"Good God!" he said. "Isn't mademoiselle Garin at home? I want to see mademoiselle—where is she?"

"My daughter is out. No; you will not take the bassinet, and you will not take the perambulator. You will take what you can carry in the hand, and that is all."

"The perambulator we must have," he insisted. "If you keep the bassinet, you must let us have the perambulator—the child's bedding and half its clothes are in it."

"Never!" she repeated, and hugged herself determinedly.

"You have had my acknowledgment of the debt, and then you repudiate the agreement," said Kent, trembling with passion. "It is very honest, such behaviour!"

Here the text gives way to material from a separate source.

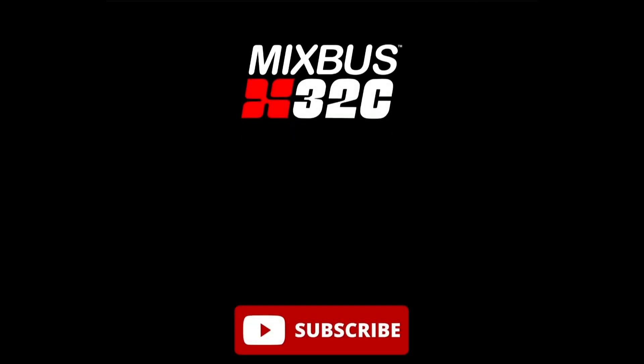So thanks for watching. If you enjoyed this video, give it a thumbs up. And be sure to subscribe down below and click the bell. So you'll be notified the next time we release videos in this series. Until next time, I'm Nathan from Harrison Consoles and I'll see you in the next video.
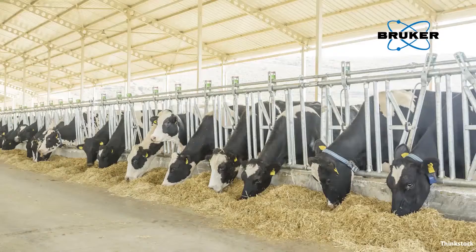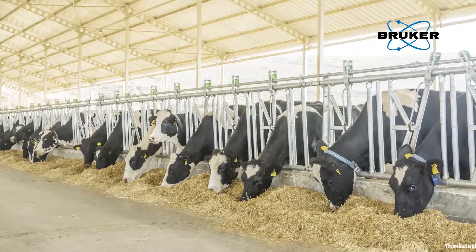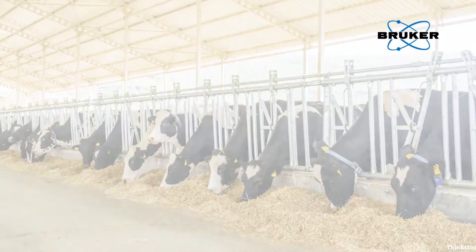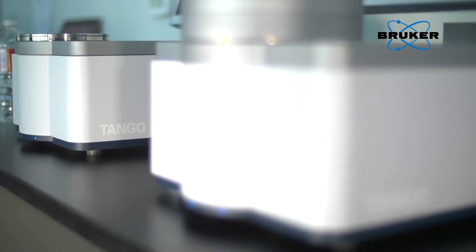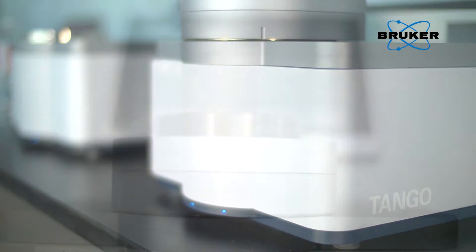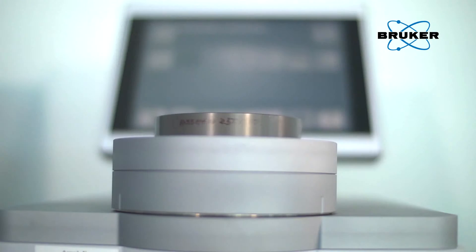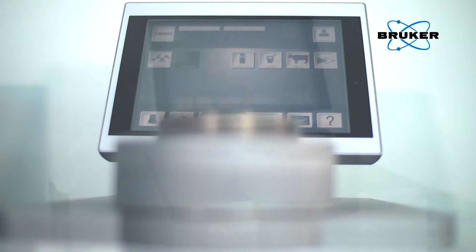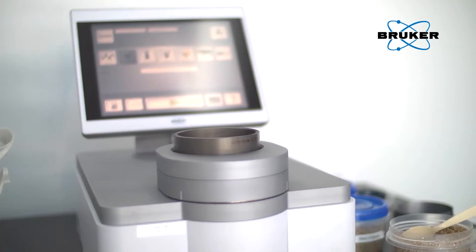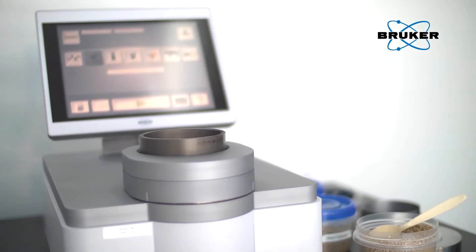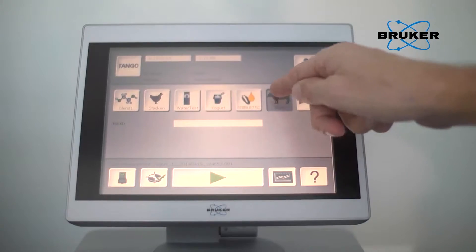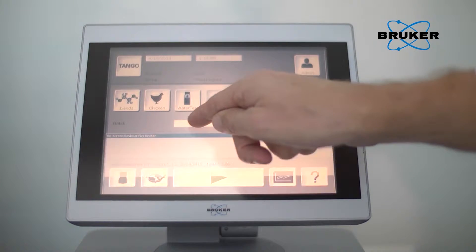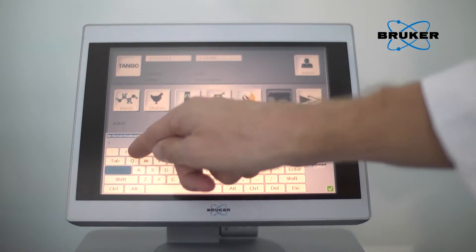Faster, simpler, more secure — with the Tango, your NIR analysis speeds up. The Tango has exactly what users require of an FT-NIR spectrometer suitable for industrial use: robustness, high precision, and straightforward operator guidance.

"'Honest'?" she echoed. "Ha! ha! it was perhaps 'honest' that you came here with your wife, and your little one, and your nurse, to live in my house, and eat at my table, and did not pay me for it? You are a thief—you are a rogue and a thief!"

His fingers twitched to smash some man in the face.

"And the box?" he gasped, fighting for the ground inch by inch. "Do you allow that?"

"Never, never, never! Go and fetch your things down!"

He went up slowly with weak knees. Cynthia was standing in the middle of the room, pale and frightened. She had her hat on; the baby, dressed for the streets, was clasped in her arms.